Work on Ervebo, a vaccine developed for the Ebola outbreak, started in 2014 during an outbreak in West Africa that spread to other countries, including the US. Though the outbreak was contained, more outbreaks in the years after kept momentum up, and Ervebo was approved by the European Commission and the US Food and Drug Administration in 2019.

One upside for scientists working on a vaccine for COVID-19 is that the novel coronavirus (technically called Sars-CoV-2) shares 80% to 90% of its genetic makeup with Sars-CoV, the virus that caused the 2003 SARS outbreak, according to the Guardian.

This means companies like Novavax, based in Maryland, can repurpose the technology they were using to make SARS and MERS vaccines for the novel coronavirus.

Animal testing is an important stage to spot potential safety problems

Some scientists worry that a rushed vaccine could result in what's known as "enhancement" whereby a vaccine actually weakens a person's response to a virus when they contract it. For example, one study on a SARS vaccine in 2004 found that some ferrets developed hepatitis, rather than a resilience to the coronavirus.

"I understand the importance of accelerating timelines for vaccines in general, but from everything I know, this is not the vaccine to be doing it with," Dr. Peter Hotez, dean of the National School of Tropical Medicine at Baylor College of Medicine, told Reuters.

"There is a risk of immune enhancement," Hotez added.

"The way you reduce that risk is first you show it does not occur in laboratory animals." But in the rush to find a vaccine to the coronavirus, some developers are skipping animal trials, Stat News reported.

Some vaccines are already in development, but 'not all horses will finish the race'

Around 40 vaccines for the coronavirus are in development right now, according to the World Health Organization.

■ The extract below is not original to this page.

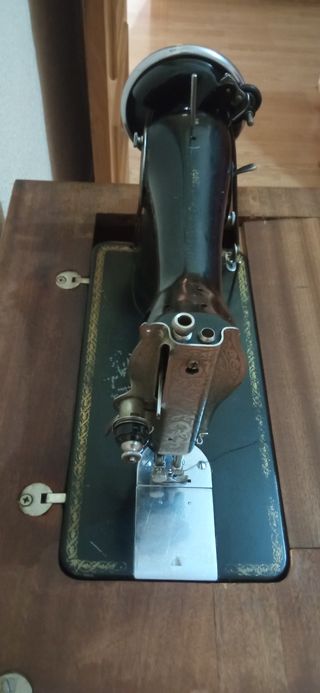 Maquina de coser Alfa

But Bruce Gellin, head of the global immunization programme at the Sabin Vaccine Institute, said that doesn't mean we will get 40 working vaccines.

"Not all horses that leave the starting gate will finish the race," Gellin told the Guardian.

Gary Kobinger, a virologist at Canada's Laval University, told the New Scientist magazine: "We could have a vaccine in three weeks, but we can't guarantee its safety or efficacy."

There are, however, encouraging signs that a vaccine may be within reach.

FILE PHOTO: A nurse fills a syringe with a vaccine before administering an injection at a children's clinic in Kiev, Ukraine August 14, 2019.  REUTERS/Valentyn Ogirenko

Foto: A nurse fills a syringe with a vaccine before administering an injection at a children's clinic in Kiev. Source: Reuters

The Massachusetts-based firm Moderna started testing their vaccine on humans in March.

Moderna is using a new, fairly untested, and as yet unapproved method for its vaccine. The technique meant Moderna only needed the genetic information of the coronavirus to get to work on its vaccine, the biotech firm's CEO Stephane Bancel told Business Insider.

Novavax said it hopes to test its vaccine on humans in Spring 2020.

The pharmaceuticals giant Johnson & Johnson has been researching a coronavirus vaccine since February and says it will start human trials in September.

"My people will kill me if I commit to anything earlier than that," Paul Stoffels, J&J's chief scientific officer, told Business Insider when asked about a trial date. "Early September is like warp speed."

The FDA has said it will work to help get a vaccine approved quickly for the coronavirus.

"When responding to an urgent public health situation such as novel coronavirus, we intend to exercise regulatory flexibility and consider all data relevant to a certain vaccine platform," Stephanie Caccomo, an FDA spokeswoman, told Reuters.